On Thu, May 07, 2009 at 04:51:24PM +0800, Sheng Yang wrote: > On Thursday 07 May 2009 16:28:41 Michael S. Tsirkin wrote: > > pci_enable_msix currently returns -EINVAL if you ask > > for more vectors than supported by the device, which would > > typically cause fallback to regular interrupts. > > > > It's better to return the table size, making the driver retry > > MSI-X with less vectors. > > Hi Michael > > I think driver should read from capability list to know how many vector > supported by this device before enable MSI-X for device, as > pci_msix_table_size() did... Drivers can do this, but it's more code. Since pci_enable_msix calls pci_msix_table_size already, let it do the work. Right? > -- > regards > Yang, Sheng > > > > > Signed-off-by: Michael S. Tsirkin <mst@redhat.com> > > --- > > > > Hi Jesse, > > This came up when I was adding MSI-X support to virtio pci driver, > > which does not know the exact table size upfront. > > Could you consider this patch for 2.6.31 please? > > > > > > drivers/pci/msi.c | 6 +++--- > > 1 files changed, 3 insertions(+), 3 deletions(-) > > > > diff --git a/drivers/pci/msi.c b/drivers/pci/msi.c > > index 6f2e629..f5bd1c9 100644 > > --- a/drivers/pci/msi.c > > +++ b/drivers/pci/msi.c > > @@ -687,8 +687,8 @@ int pci_msix_table_size(struct pci_dev *dev) > > * indicates the successful configuration of MSI-X capability structure > > * with new allocated MSI-X irqs.
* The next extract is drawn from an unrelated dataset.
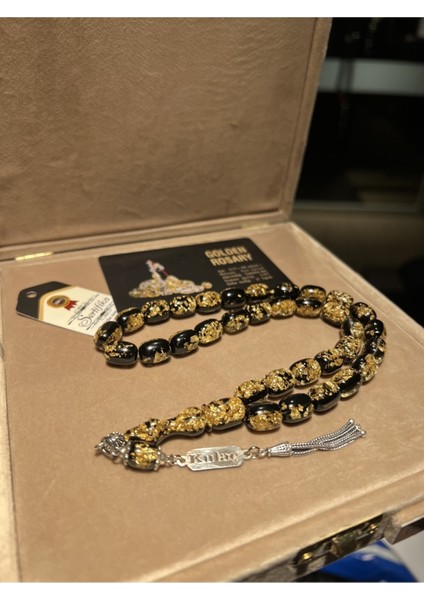 Isimli Tasarımlı Çift Sertifikalı Gümüş Takı, Kişiye Özel Parçacıklı Şıklık fiyatları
A return of < 0 indicates a failure. > > * Or a return of > 0 indicates that driver request is exceeding the > > number - * of irqs available. Driver should use the returned value to > > re-send - * its request. > > + * of irqs or MSI-X vectors available. Driver should use the returned > > value to + * re-send its request. > > **/ > > int pci_enable_msix(struct pci_dev* dev, struct msix_entry *entries, int > > nvec) { > > @@ -704,7 +704,7 @@ int pci_enable_msix(struct pci_dev* dev, struct > > msix_entry *entries, int nvec) > > > > nr_entries = pci_msix_table_size(dev); > > if (nvec > nr_entries) > > - return -EINVAL; > > + return nr_entries; > > > > /* Check for any invalid entries */ > > for (i = 0; i < nvec; i++) { >
On Thursday 07 May 2009 17:05:06 Michael S. Tsirkin wrote: > On Thu, May 07, 2009 at 04:51:24PM +0800, Sheng Yang wrote: > > On Thursday 07 May 2009 16:28:41 Michael S. Tsirkin wrote: > > > pci_enable_msix currently returns -EINVAL if you ask > > > for more vectors than supported by the device, which would > > > typically cause fallback to regular interrupts. > > > > > > It's better to return the table size, making the driver retry > > > MSI-X with less vectors. > > > > Hi Michael > > > > I think driver should read from capability list to know how many vector > > supported by this device before enable MSI-X for device, as > > pci_msix_table_size() did... > > Drivers can do this, but it's more code. Since pci_enable_msix > calls pci_msix_table_size already, let it do the work. Right? If you don't know the vectors number before you enable MSI-X, how can you setup vectors? I don't think it's proper way to go.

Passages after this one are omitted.